SUPPLIED RECORDS ::
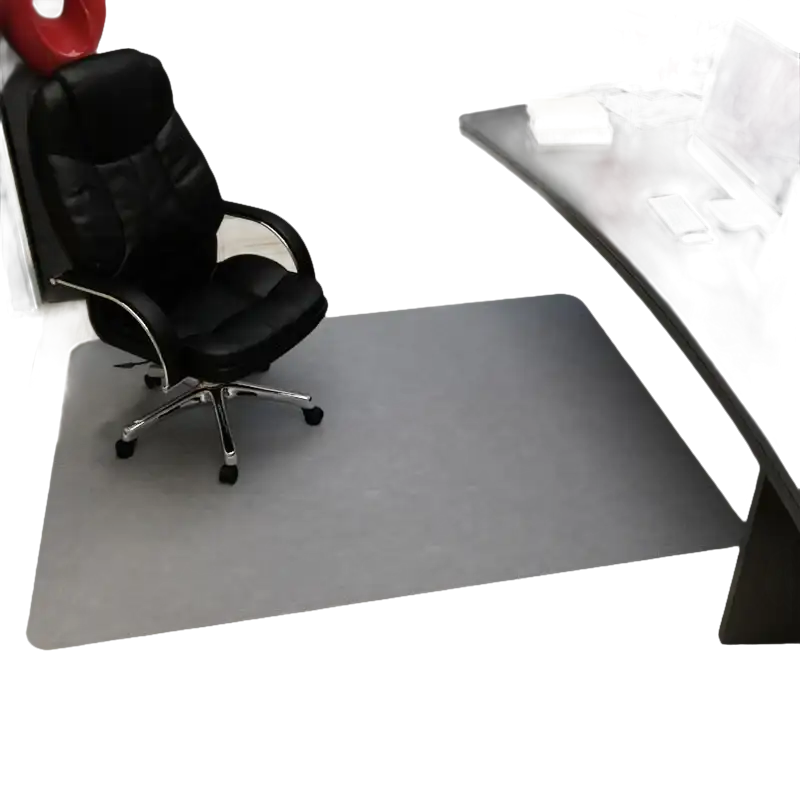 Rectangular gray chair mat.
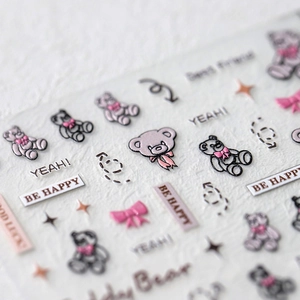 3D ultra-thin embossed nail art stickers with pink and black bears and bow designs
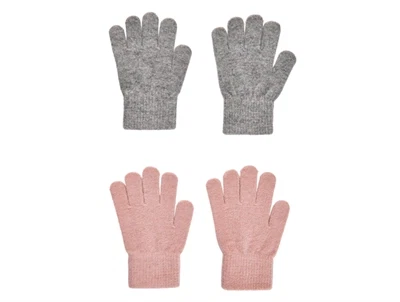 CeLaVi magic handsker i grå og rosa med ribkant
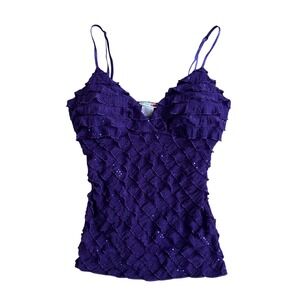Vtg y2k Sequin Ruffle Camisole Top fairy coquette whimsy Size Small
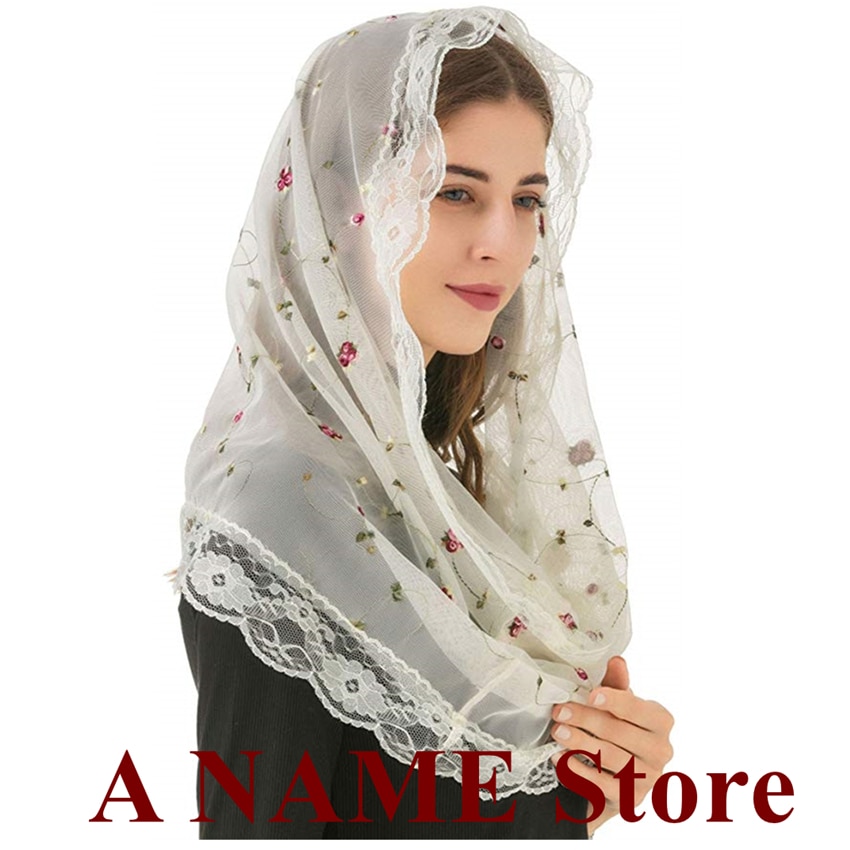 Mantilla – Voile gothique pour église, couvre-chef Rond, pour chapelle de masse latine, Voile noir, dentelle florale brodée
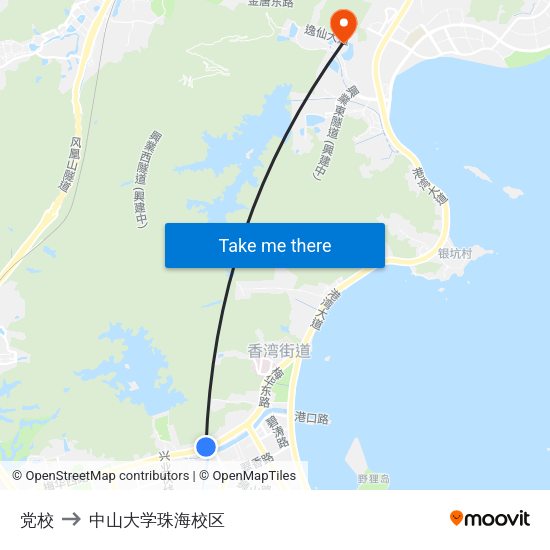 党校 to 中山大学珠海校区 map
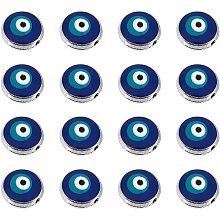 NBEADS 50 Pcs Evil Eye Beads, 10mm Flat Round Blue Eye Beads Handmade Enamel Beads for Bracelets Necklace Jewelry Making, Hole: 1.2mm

--

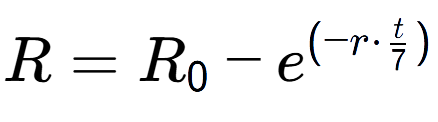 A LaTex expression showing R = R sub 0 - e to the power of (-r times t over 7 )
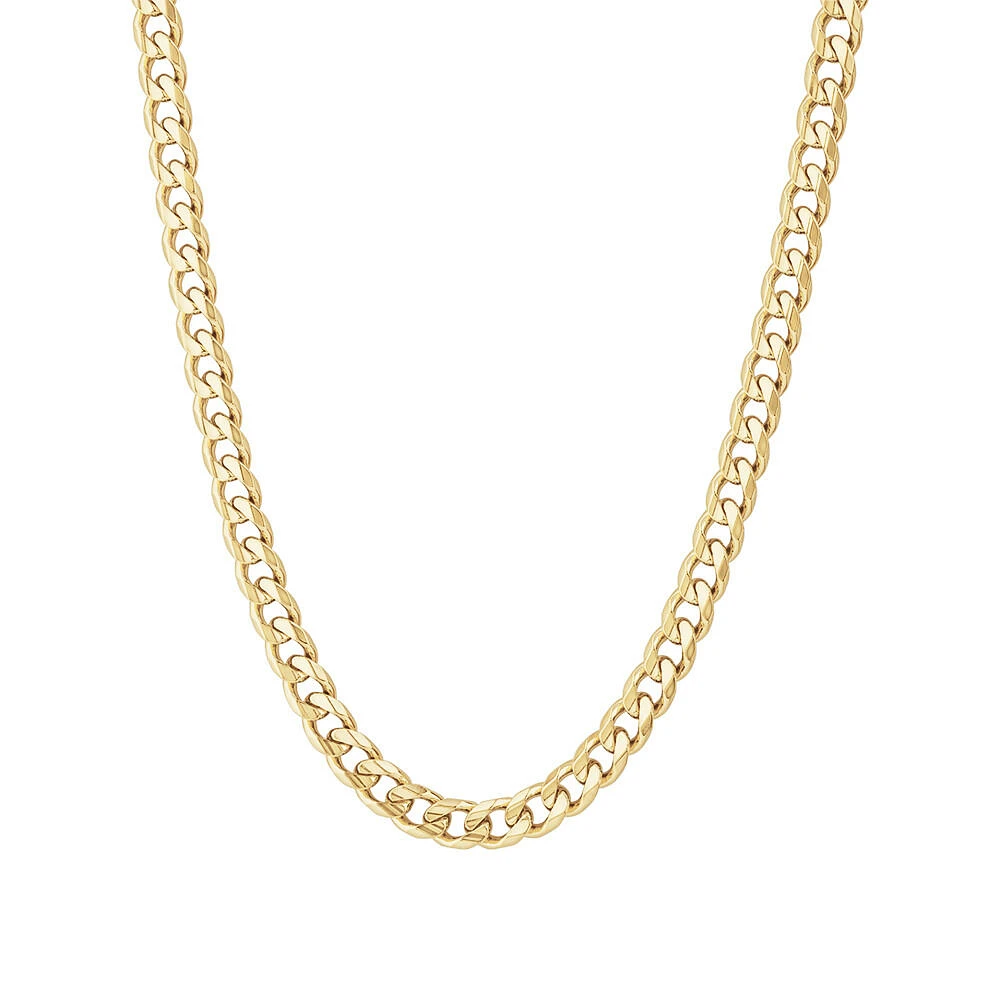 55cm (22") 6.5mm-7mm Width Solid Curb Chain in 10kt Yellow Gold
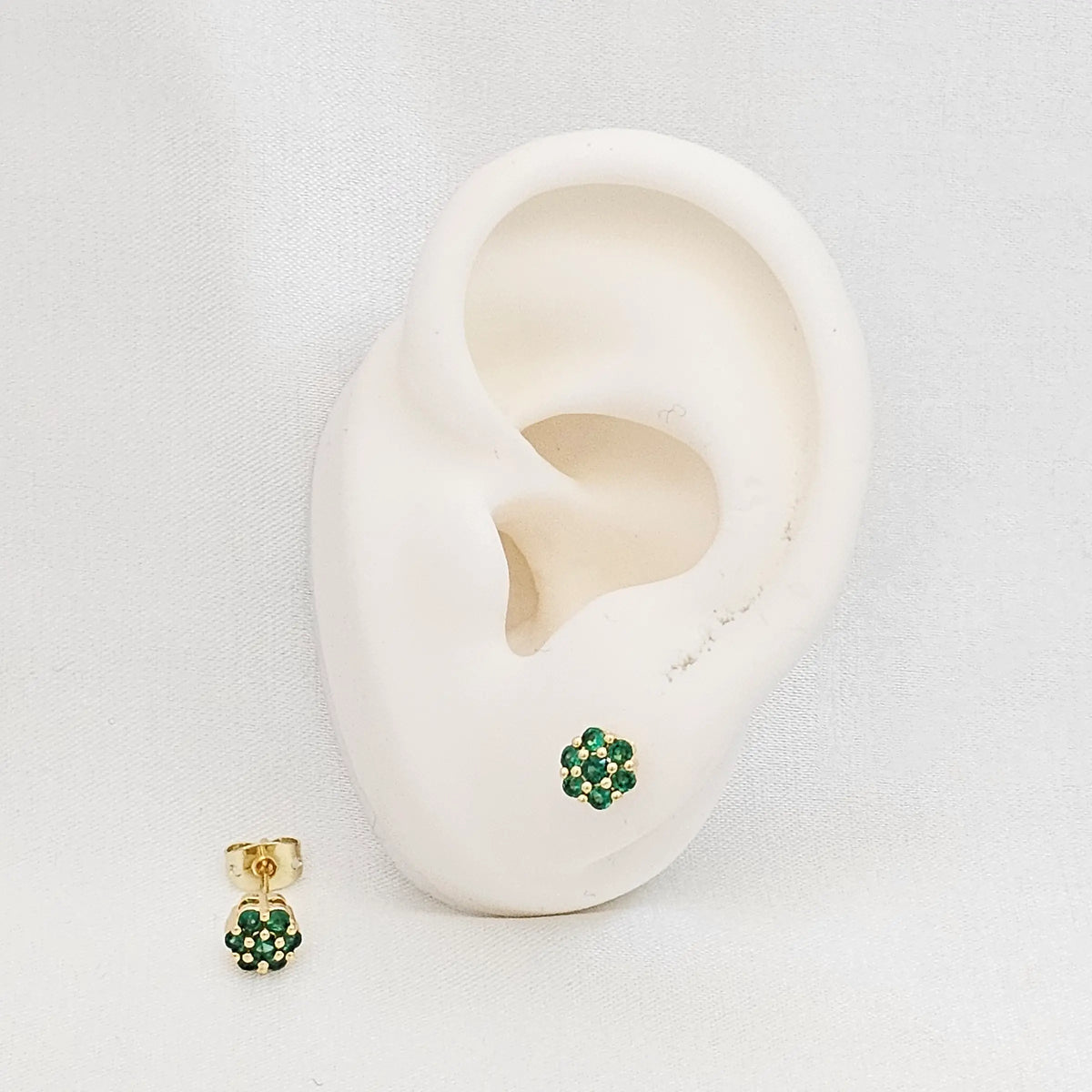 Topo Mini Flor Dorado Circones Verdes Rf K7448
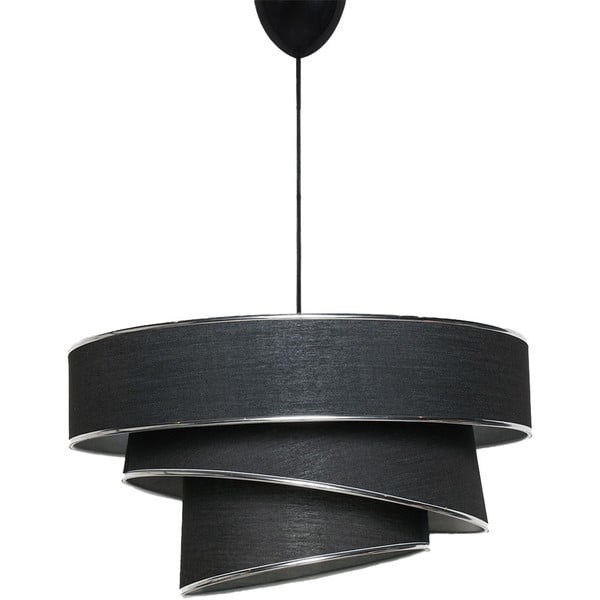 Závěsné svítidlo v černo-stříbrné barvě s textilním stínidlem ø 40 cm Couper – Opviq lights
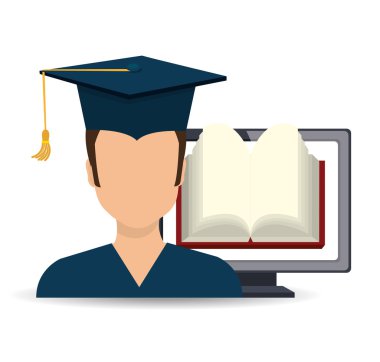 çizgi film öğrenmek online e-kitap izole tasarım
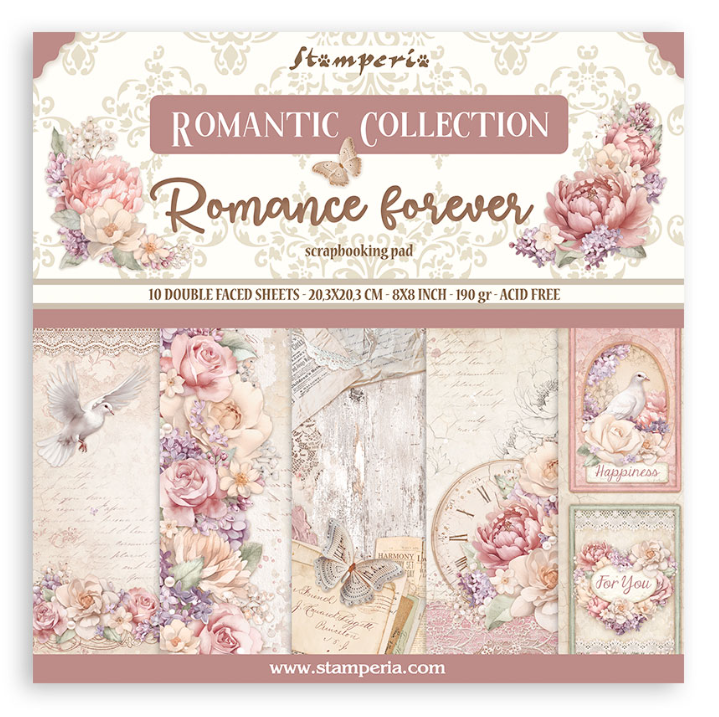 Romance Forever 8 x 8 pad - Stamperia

REQUIREMENT :: The line holding "10kt Yellow Gold" starts the copy and the line holding "Romance Forever 8 x 8 pad - Stamperia" ends it. Repeat those two lines above and all between them exactly, leaving out pictures.

EXERCISE OUTPUT ::
 55cm (22") 6.5mm-7mm Width Solid Curb Chain in 10kt Yellow Gold
 Topo Mini Flor Dorado Circones Verdes Rf K7448
 Závěsné svítidlo v černo-stříbrné barvě s textilním stínidlem ø 40 cm Couper – Opviq lights
 çizgi film öğrenmek online e-kitap izole tasarım
 Romance Forever 8 x 8 pad - Stamperia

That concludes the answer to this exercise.